Consider the model I reference most frequently for presidential elections: "Time for a Change." Abramowitz gets his predictive power from three variables: GDP growth in the second quarter of the election year, the president's approval rating (regardless of whether or not the incumbent president is running), and a penalty for the incumbent party that kicks in once the incumbent party has won two previous elections. The model predicted a GOP victory because while the economy was decent, it was not good enough to overcome the two-term penalty the Dems faced. That was merely one example, but generally speaking, the models (which were published in the October issue of PS: Political Science & Politics) leaned towards a generic Republican victory. Yet Abramowitz himself said that Trump was too far from "generic." He was too noxious, too obviously unqualified, and this would be the year his model failed. So said most political scientists when the polls went against the forecasting models, which was, shall we say, unusual.

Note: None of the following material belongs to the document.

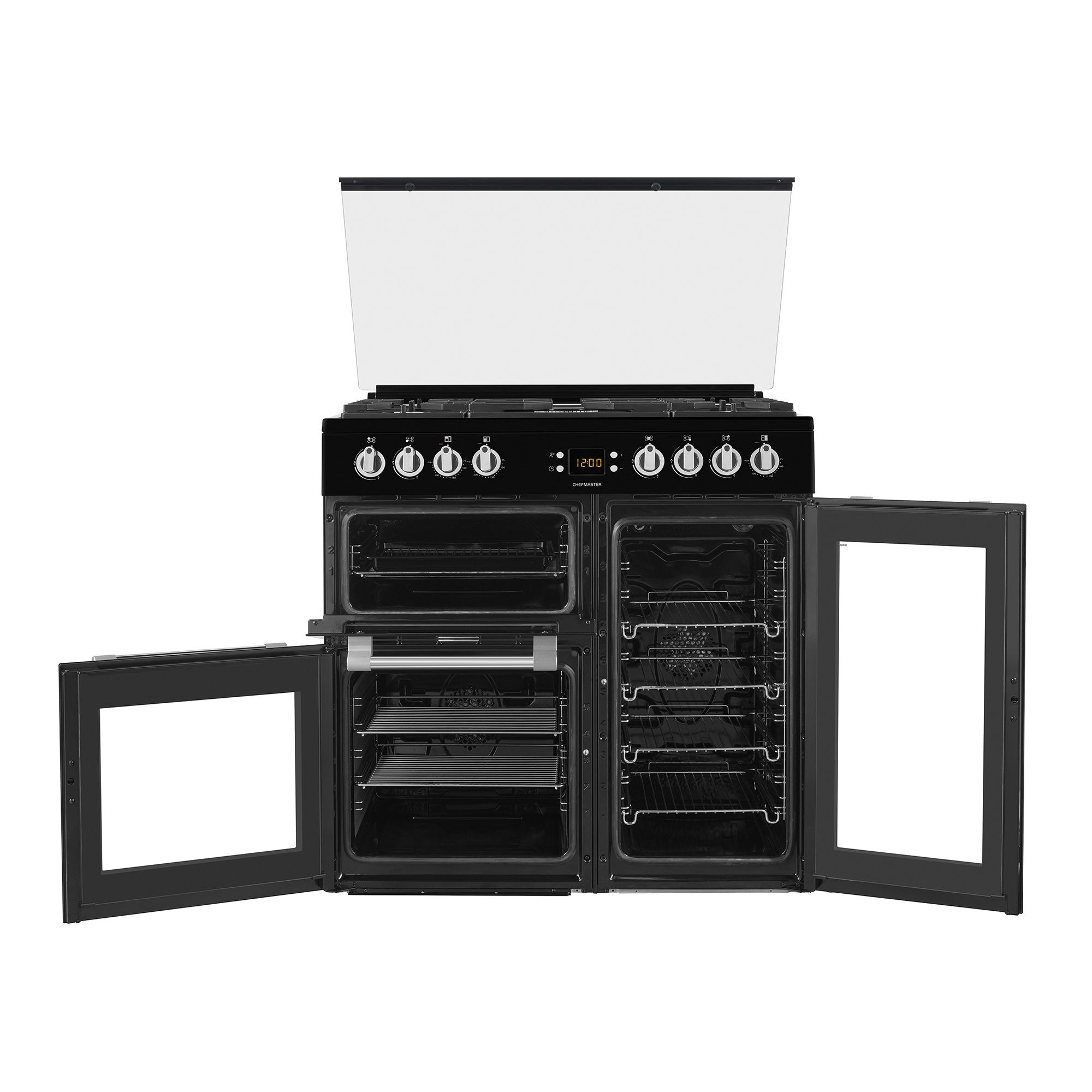 Leisure CC90F531K Freestanding Electric Range cooker with Gas Hob - Black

As it turned out, the forecasting models were right, and the polls were wrong. Polling is hard. Political science... well, political science is hard too, but some of it replicates. Not much, but the forecasting models replicate. The touchy-feely crap and armchair revolutionary bullshit that the ideologues, activists and mathematically inept people do? That doesn't replicate, and it is useless, but the forecasting models keep getting replicated. They got replicated gain in 2016 (and 2020!). After the 2016 debacle, when I, too, deferred to the polls and rejected the forecasting models, I scraped a bunch of egg off my face, suffered through a bout of indigestion because as it turns out, crow does not agree with me (still, after a steady diet of crow year after year), and made the following vow. No, not a vow of silence, as peaceful as that might be. I would defer to the forecasting models. I sinned against the one, true math. I repented my sins, came back, said my Hail Alans, and decided that I'd do the math the right way.

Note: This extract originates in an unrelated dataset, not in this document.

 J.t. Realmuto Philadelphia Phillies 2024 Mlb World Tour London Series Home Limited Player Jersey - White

So here we are. Pretty soon, PS: Political Science & Politics will publish its October issue, which will contain the forecasting models for the 2022 midterm elections. The articles went into submission months ago, based on data mostly 6 months prior, because that's generally how we do things. Why? The whole endeavor is based on the notion that a 6-month-prior prediction is political science, but a day-before prediction is journalistic, talking-head blather.
What will the models say? I have not been given a sneak preview, and I was not a reviewer (although I couldn't tell you if I were, so... whatever), but I know the models. The basic mechanics of the models are as follows. Midterm elections go against the president's party, with the effect mediated by the state of the economy, presidential approval, and so forth, depending on who constructs the model. There are a lot of models, and I've tried my hand at some improvements along with a colleague who found some perplexing patterns, but at the end of the day, or cycle, or whatever, the models are going to say that the Democrats lose seats in the House. How many? Models will vary.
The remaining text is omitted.